The giant rock is covered in a thick blanket of debris built from millions of years of bombardment by smaller bodies.
In places, you can see where this material has slipped, particularly down the sides of crater walls.
Using knowledge of how the flow of materials in landslides on Earth depends on gravity, Dr Vincent is examining the slopes across the surface of Lutetia to try to measure the local gravity.
Models using either a constant density, or a differentiated internal structure, will produce different local slopes which can be compared with the observed landslides.
"We don't know what is the gravity field of this asteroid; we only know its mass and its density," Dr Vincent said.
"So, what we're trying to do here is run some simulations of what would be the gravity field if Lutetia had different layers of different densities. And then we see if those correlate with some of the morphologic features we observe, such as avalanches or the strange shape of some very big craters."
The colourful image at the top of this page is a product of one of Dr Vincent's simulations.

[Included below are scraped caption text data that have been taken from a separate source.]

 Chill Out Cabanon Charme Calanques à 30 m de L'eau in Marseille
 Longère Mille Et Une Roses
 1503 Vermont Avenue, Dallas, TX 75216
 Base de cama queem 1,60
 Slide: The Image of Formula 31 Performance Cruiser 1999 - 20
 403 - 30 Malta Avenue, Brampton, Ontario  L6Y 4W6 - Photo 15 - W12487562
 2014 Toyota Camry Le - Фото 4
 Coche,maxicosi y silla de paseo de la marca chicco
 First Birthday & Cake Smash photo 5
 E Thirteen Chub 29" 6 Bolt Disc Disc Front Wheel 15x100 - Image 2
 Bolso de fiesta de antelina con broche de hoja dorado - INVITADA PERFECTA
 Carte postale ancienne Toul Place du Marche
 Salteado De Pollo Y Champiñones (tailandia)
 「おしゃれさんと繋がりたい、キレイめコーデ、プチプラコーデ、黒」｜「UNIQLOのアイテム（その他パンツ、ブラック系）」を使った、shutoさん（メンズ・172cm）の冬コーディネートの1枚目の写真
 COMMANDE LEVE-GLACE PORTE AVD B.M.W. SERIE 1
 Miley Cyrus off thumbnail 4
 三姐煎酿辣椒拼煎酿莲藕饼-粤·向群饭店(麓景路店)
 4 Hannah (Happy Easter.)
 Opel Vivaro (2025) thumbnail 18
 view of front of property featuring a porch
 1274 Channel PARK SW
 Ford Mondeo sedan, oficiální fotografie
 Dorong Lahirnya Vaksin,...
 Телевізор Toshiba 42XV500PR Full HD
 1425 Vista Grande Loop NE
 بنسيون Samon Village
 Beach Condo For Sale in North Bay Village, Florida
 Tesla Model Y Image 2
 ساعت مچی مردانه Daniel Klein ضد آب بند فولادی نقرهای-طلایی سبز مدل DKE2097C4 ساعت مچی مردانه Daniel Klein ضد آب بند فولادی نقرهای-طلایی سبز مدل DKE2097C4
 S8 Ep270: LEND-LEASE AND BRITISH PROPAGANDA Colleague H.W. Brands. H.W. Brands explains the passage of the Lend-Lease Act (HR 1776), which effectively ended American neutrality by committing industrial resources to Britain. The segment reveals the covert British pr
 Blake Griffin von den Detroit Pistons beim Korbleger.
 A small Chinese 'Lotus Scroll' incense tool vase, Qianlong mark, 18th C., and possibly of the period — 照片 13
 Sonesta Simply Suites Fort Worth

It illustrates the gravity field of Lutetia assuming it was a differentiated body with a porous crust, a silicate un-molten mantle and a rocky core enriched in iron.
The colours indicate the strength of the gravity field at the surface of the asteroid, with red representing the strongest values and blue the weakest.
In this simulation, loose material on the surface of Lutetia would move preferentially from blue areas to red ones during a landslide.
The research still has some way to go before coming to any conclusions.
But it makes you wonder how many other potential "inbetweeners" might be out there still in the asteroid belt.
"There are the really big objects like Ceres and Vesta, but down at Lutetia's size there are 200 objects or so," observed Dr Colin Snodgrass, also of MPS.
"And that's now. In the past, there were likely very many more that didn't survive, were destroyed or got thrown out of the Solar System as the large planets migrated and disturbed everything."